AWC has four members in Iraq and works also with non-member organizations.
AWC monitors the policies and activities of the following International Financial Institutions (IFSs) in Iraq:
International Monetary Fund (IMF)
Iraq joined the IMF in 1945. The Iraqi government got its first loan from the IMF in 2005 Since then, Iraq received 5 loans from the IMF.
Since 2003, the IMF has been assessing the Iraqi economy periodically. This assessment is known as Article IV Consultation in reference to the article number 4 in the IMF’s Articles of Agreement that established the IMF’ surveillance role.
World Bank Group (WBG)
Iraq joined the WBG in 1945. Throughout the years the bank invested in 150 projects in the Iraqi public sector. As of September 2020, the Bank has and 10 projects in the pipeline (under preparation).
The International Finance Corporation, -the arm of the World Bank Group that invests in private sector- has developed a portfolio exceeding US$1 Billion in Iraq since 2005. 10 IFC projects are currently active in Iraq (October 2020 data).
The World Bank Group prepares a Country Partnership Framework (CPF) for each country it is active in. The CPF outlines the Bank‘s strategy in this specific country y over a three to five year period. The current CPF for Iraq is under preparation and it will cover the period from 2021-2026.
The European Investment Bank (EIB)
Iraq sought membership in the European Investment Bank in 2018, and was approved by the Bank in 2020. The membership process is still underway currently.
The European Bank for Reconstruction and Development (EBRD)
Iraq submitted a request for membership in April 2018. The Bank’s Board of Governors has agreed to the first stage in this process on October 2020. Iraq is working on some pre-membership requirements before the membership process concludes.
Main issues that AWC focus on in Iraq
Iraq’s economy is heavily dependent on oil as it constitutes 96% of its exports and 43% of its GDP (2019). This makes the economy fragile and vulnerable to external shocks such as oil prices depreciation. Furthermore, the Covid-19 pandemic and long history of war, sanctions and tensions, have put a halt to the country’s progress and development, especially in creating robust and stable political institutions.
Depending on oil has allowed Iraq to offset reliance on public debt, as it reached $ 74 billion in 2017, a moderate amount compared with the country’s troubled last 50 years. But basic services such as health, education and electricity in Iraq are below average, and unemployment is still high, especially among the youth. The violence and challenging working climate have adversely affected the development of the private and financial sectors. Another big issue is the prevalence of corruption as the Berlin-based Transparency International organization, which monitors corruption worldwide, ranks Iraq 12th most corrupt country.

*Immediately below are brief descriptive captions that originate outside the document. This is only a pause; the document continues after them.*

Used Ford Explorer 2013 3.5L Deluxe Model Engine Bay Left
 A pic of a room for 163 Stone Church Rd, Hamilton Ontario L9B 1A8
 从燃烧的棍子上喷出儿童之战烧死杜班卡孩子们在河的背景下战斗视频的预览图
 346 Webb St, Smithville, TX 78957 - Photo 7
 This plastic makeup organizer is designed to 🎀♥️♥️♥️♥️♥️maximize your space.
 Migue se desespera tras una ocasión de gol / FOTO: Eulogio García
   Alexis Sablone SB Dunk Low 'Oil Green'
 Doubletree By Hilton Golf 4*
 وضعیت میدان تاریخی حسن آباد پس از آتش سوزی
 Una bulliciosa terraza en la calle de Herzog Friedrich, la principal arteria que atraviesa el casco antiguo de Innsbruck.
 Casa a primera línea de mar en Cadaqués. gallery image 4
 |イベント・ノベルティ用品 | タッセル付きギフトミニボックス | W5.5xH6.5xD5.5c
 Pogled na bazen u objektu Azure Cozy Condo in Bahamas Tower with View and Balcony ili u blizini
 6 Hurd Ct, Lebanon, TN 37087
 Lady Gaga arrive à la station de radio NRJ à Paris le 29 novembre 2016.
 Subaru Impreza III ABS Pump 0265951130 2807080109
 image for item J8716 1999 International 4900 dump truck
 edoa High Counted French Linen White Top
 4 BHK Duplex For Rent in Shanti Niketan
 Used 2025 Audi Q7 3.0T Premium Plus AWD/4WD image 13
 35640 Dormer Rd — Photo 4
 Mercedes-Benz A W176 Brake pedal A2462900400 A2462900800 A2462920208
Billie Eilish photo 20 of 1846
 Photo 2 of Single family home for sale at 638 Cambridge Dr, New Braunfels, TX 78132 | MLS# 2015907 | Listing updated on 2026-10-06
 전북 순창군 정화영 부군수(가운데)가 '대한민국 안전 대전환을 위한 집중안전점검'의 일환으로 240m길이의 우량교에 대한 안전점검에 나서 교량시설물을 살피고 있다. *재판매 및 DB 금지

AWC, and its Iraqi members and partners continue to closely monitor IFIs work in Iraq.
AWC activities in Iraq
AWC partnered with “Women and children’s affairs organization” to monitor and analyze the impacts of the World Bank’s $33.6 million emergency response to Covid-19 in Iraq. This amount is a re-allocation of funds under the current Emergency Operation for Development Project. It aims to help Iraq face the Covid-19 challenges.